In this regard, my mother was a special cup of tea.
Many of you know my mother left us last June. She was a remarkable woman who shaped my point of view and my life direction. But if you are a regular reader or have listened to one of my speeches, you know this!
Anyhow, my mother was a prolific artist and created complex oil paintings in minutes or took weeks and months to perfect a painting. She was both a conceptual artist (think Picasso) and an experimental artist (think Cezanne). Cezanne's work may have been her most important muse.
Like many artists she had her secrets. Her techniques. Her way of painting that were hers. The real meaning of her pieces were left to the viewer's imagination. As they say, "Art is in the eye of the beholder." Perspective is everything. No two people see anything the same.
My mother was a prankster with a wicked sense of humor. Some say I got my sense of humor from her, many others have hired a search party for my funny bone.
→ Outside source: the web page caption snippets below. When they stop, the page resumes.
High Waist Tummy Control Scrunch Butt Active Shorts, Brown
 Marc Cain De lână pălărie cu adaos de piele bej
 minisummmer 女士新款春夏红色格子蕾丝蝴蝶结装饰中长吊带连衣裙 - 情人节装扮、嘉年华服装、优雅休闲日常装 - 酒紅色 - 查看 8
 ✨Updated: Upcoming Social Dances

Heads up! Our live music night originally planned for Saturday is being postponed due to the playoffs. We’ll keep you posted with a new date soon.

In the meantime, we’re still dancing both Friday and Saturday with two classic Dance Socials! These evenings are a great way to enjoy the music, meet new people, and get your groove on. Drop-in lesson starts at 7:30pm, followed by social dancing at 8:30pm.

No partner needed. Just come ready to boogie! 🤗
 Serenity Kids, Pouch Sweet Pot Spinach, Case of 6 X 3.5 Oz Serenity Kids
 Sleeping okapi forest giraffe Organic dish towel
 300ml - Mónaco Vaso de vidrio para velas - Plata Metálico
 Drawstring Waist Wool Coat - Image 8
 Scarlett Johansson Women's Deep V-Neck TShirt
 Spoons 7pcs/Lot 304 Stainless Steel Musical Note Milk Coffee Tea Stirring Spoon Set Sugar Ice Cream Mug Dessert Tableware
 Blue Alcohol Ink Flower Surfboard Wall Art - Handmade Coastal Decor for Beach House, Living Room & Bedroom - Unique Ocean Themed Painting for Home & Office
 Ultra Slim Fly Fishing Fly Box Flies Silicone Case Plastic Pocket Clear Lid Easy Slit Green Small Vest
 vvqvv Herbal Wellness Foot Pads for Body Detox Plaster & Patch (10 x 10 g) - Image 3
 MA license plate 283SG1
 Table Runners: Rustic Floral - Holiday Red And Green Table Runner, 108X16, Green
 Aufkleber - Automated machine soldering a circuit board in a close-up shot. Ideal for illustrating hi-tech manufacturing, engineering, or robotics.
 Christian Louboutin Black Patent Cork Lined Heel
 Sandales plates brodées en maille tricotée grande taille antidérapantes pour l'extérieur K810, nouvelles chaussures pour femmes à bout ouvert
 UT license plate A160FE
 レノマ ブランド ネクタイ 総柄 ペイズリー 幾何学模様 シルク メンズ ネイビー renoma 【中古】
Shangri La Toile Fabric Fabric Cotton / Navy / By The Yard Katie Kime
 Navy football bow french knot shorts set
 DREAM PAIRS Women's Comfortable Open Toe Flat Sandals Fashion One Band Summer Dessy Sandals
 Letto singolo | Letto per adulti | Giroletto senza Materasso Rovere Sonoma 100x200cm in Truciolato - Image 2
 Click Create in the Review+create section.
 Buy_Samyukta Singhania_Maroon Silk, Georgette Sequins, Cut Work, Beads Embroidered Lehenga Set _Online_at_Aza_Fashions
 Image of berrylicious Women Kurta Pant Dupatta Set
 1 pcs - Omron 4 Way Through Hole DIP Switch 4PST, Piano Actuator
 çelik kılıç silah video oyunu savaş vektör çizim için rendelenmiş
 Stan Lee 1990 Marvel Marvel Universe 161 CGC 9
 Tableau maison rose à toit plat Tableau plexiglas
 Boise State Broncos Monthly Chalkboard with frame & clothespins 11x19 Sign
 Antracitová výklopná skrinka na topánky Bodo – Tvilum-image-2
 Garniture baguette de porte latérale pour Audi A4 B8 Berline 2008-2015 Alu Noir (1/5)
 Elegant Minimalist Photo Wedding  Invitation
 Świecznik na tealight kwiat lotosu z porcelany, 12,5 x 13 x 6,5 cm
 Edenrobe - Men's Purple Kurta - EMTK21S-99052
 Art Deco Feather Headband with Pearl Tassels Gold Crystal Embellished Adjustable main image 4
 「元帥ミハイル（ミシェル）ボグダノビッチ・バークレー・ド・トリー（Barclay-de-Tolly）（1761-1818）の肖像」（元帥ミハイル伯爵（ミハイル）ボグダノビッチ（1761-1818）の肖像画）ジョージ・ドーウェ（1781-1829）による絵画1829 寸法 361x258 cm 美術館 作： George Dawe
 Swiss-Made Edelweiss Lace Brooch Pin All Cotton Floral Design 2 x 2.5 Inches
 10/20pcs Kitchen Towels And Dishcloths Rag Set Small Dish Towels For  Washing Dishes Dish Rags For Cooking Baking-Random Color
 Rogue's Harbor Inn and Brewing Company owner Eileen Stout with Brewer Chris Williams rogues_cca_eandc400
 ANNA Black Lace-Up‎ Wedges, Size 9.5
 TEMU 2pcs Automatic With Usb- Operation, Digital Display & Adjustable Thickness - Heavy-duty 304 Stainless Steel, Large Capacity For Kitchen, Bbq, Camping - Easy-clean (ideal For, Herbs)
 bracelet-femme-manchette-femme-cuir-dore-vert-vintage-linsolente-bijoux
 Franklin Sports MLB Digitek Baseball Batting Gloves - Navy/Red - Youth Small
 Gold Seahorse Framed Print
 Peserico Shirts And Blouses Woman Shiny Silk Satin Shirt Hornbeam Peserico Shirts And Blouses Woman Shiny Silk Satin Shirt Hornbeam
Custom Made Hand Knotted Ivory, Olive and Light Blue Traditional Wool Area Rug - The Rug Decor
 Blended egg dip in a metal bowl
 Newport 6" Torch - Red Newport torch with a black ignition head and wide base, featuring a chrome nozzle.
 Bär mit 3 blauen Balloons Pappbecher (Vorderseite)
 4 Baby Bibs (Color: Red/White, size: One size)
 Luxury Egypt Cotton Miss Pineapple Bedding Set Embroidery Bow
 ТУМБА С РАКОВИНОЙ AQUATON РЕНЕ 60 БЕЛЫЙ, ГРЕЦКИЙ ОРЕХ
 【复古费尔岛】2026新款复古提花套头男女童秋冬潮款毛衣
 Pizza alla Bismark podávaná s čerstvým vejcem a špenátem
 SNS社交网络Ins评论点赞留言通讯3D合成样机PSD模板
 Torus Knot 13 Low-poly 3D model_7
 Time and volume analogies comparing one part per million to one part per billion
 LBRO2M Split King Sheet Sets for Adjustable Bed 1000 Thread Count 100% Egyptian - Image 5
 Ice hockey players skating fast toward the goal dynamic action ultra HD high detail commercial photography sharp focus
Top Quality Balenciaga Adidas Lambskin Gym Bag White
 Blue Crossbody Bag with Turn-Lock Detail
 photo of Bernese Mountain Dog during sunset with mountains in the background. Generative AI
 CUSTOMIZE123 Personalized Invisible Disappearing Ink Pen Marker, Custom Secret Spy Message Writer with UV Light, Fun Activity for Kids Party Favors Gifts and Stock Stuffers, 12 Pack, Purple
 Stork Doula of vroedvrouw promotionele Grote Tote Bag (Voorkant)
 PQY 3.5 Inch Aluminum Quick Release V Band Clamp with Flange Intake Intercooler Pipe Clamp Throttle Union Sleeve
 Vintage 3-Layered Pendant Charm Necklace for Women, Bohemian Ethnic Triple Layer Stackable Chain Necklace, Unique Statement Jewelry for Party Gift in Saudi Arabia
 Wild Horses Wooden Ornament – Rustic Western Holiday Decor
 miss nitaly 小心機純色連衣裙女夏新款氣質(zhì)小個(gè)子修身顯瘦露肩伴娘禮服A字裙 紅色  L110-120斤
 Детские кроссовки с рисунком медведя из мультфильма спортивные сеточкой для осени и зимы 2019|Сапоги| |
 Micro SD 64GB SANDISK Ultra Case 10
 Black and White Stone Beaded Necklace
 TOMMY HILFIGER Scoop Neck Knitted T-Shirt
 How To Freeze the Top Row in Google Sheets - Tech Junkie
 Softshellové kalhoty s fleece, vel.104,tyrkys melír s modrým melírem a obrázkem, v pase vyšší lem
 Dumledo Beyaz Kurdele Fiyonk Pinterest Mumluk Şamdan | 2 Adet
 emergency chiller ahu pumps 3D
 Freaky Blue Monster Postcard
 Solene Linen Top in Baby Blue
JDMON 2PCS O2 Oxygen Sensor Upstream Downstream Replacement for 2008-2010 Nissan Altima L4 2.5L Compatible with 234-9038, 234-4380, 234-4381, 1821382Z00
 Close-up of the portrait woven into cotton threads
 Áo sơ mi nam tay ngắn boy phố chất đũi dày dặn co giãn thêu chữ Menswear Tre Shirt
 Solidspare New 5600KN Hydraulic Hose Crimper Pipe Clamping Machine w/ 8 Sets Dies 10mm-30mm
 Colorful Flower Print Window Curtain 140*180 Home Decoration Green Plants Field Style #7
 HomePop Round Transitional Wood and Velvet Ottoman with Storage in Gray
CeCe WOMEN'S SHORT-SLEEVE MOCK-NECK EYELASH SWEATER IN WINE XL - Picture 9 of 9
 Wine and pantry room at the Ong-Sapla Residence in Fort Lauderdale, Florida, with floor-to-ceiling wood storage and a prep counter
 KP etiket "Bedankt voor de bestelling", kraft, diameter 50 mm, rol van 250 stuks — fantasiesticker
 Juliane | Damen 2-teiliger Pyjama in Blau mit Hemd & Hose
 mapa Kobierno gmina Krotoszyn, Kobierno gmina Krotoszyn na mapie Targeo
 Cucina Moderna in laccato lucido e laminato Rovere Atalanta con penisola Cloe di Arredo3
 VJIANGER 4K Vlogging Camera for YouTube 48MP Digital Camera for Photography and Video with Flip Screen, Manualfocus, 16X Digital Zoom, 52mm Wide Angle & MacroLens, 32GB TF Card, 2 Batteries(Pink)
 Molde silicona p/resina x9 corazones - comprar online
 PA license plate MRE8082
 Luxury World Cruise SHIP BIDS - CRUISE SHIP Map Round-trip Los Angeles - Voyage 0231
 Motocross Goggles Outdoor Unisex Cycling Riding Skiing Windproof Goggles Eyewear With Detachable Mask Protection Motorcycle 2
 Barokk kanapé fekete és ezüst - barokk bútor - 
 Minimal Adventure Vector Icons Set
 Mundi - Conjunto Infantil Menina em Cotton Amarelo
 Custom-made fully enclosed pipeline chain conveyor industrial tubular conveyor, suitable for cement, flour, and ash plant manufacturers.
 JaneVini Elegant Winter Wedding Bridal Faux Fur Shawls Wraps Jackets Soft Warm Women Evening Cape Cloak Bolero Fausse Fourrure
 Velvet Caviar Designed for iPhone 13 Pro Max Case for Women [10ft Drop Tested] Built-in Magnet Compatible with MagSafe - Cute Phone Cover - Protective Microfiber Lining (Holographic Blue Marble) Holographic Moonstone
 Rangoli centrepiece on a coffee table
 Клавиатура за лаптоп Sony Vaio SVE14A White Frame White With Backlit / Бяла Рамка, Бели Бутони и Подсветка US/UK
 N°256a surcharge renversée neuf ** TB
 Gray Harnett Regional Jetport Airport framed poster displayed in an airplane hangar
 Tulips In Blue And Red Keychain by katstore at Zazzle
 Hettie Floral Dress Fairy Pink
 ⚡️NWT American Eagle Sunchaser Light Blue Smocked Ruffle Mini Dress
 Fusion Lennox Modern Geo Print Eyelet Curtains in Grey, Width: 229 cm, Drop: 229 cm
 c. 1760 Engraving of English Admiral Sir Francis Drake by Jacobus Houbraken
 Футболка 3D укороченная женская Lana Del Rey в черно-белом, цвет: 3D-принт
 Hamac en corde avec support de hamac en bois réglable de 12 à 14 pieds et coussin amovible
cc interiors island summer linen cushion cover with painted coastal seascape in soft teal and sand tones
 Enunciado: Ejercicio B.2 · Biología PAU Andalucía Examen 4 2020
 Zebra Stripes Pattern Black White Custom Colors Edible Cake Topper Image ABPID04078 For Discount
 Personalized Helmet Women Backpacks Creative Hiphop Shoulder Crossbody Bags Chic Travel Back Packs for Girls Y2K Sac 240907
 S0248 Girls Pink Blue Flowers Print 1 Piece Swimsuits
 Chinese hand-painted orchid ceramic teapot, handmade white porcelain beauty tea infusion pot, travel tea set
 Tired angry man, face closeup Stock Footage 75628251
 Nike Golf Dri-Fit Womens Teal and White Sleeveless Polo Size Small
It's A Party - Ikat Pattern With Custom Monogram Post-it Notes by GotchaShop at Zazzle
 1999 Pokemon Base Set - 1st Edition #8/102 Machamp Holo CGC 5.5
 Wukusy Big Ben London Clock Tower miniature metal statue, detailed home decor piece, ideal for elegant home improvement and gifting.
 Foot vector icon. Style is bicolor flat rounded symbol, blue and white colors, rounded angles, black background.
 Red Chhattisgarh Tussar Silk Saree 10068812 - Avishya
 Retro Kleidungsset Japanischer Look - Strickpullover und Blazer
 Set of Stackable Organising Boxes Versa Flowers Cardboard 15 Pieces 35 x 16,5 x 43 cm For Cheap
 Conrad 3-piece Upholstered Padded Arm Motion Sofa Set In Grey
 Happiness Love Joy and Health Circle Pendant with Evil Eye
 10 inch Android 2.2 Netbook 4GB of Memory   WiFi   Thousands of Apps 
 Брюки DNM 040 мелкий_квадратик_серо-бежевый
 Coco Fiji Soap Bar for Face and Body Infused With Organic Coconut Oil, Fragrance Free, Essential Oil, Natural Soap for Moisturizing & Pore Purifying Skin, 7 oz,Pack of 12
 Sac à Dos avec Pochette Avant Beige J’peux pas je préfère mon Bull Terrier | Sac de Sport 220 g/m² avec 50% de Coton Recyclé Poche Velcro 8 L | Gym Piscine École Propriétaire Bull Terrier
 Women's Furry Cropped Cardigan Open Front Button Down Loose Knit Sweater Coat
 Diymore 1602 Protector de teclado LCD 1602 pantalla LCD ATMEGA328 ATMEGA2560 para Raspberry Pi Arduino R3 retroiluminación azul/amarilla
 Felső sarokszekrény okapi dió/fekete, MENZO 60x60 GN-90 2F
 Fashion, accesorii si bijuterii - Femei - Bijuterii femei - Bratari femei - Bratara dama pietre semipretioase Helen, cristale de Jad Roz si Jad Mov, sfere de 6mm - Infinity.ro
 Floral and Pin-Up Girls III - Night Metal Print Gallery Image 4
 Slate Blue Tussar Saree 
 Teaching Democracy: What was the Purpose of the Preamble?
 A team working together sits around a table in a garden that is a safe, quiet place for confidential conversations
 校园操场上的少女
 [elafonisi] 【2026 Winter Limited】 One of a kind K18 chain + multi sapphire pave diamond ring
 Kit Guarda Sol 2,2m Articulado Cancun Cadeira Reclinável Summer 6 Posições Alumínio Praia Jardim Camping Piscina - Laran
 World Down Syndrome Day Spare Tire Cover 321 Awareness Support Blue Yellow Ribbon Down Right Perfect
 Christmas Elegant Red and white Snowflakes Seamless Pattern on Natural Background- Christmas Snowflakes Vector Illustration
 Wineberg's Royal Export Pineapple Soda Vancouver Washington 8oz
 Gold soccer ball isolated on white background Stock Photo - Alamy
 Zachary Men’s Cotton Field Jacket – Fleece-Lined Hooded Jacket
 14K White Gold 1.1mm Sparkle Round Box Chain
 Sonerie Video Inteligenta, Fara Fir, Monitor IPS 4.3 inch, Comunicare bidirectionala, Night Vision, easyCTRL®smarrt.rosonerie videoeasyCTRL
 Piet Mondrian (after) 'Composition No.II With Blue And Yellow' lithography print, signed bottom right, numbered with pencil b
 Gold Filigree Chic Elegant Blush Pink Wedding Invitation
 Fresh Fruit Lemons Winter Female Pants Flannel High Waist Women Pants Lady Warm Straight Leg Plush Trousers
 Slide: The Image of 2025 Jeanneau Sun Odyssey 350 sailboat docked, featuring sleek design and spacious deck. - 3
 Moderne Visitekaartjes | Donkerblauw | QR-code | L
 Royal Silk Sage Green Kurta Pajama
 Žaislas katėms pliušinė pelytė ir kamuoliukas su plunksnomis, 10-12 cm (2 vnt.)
Here is my mother’s last enigmatic prank–That will never be solved.
Years ago, she created a set of paintings of teacups, 15 in all. Somehow they were assembled into a single print—the exact origins are unknown. And where the original of this print went is also a mystery. There are no known copies of this painting, only this low quality photo shown above. With a twinkle in her eye, she told us that each unique teacup depicted her four children and her ten siblings and herself. That adds up to 15. She would never reveal the identities of the teacups! It is hard to see, but there are unique differences in the teacups. One is cracked, one covered, one upside down, one on its side…..Your interpretations start to go wild.
This was all years ago and we had all forgotten these enigmatic teacups.
After Mom passed I went to the print shop where she made reproductions, so called giclees, of her work. It was an emotional meeting. Like all people that knew and/or worked with my mother, the print shop owner had bonded with her. After we cried together and exchanged stories, he revealed, in his moment of weakness, that he had taken an unauthorized photo of the teacups. My sister Katie and I were aghast. No one in our family ever saw this version. We asked for a copy and ultimately received this higher resolution image:
You can see right away this is different from the original, the order is changed and now there are 16! The new teacup is the one broken into pieces (bottom row).
Who is the 16th teacup?!!
We will never know the exact symbolism or identities of the teacups or solve the mystery of the new broken one. But that is the beauty of art and of life as lived and painted by my mother—all to be interpreted. I know she is smiling and perhaps giggling a bit from on high.
My sister Tomi found this poem just after we made this discovery: A cup is more valuable chipped. He was broken. I am broken. And when we can see that we are all chipped and broken, we begin to value our life as an expression of the teaching that we are truly perfect and complete, just as we are. —Pat Enkyo O’hara
Each teacup is special and beautiful.
We know that any fixed, perfect and pristine image we have of ourselves or others is an imaginary teacup.
My mother knew we would see ourselves in every teacup. For we are all of the teacups. Our cupboards house each one of these cups. For we are many things, have been many things and will be many things. Our histories and our destinies are complex and unknowable. We contain the infinite seeds of our family trees and experiences. All of us will never fully express our potential and our possibilities.
So our humanity, our compassion, and our future depends on exploring and embracing our own and each other's teacups.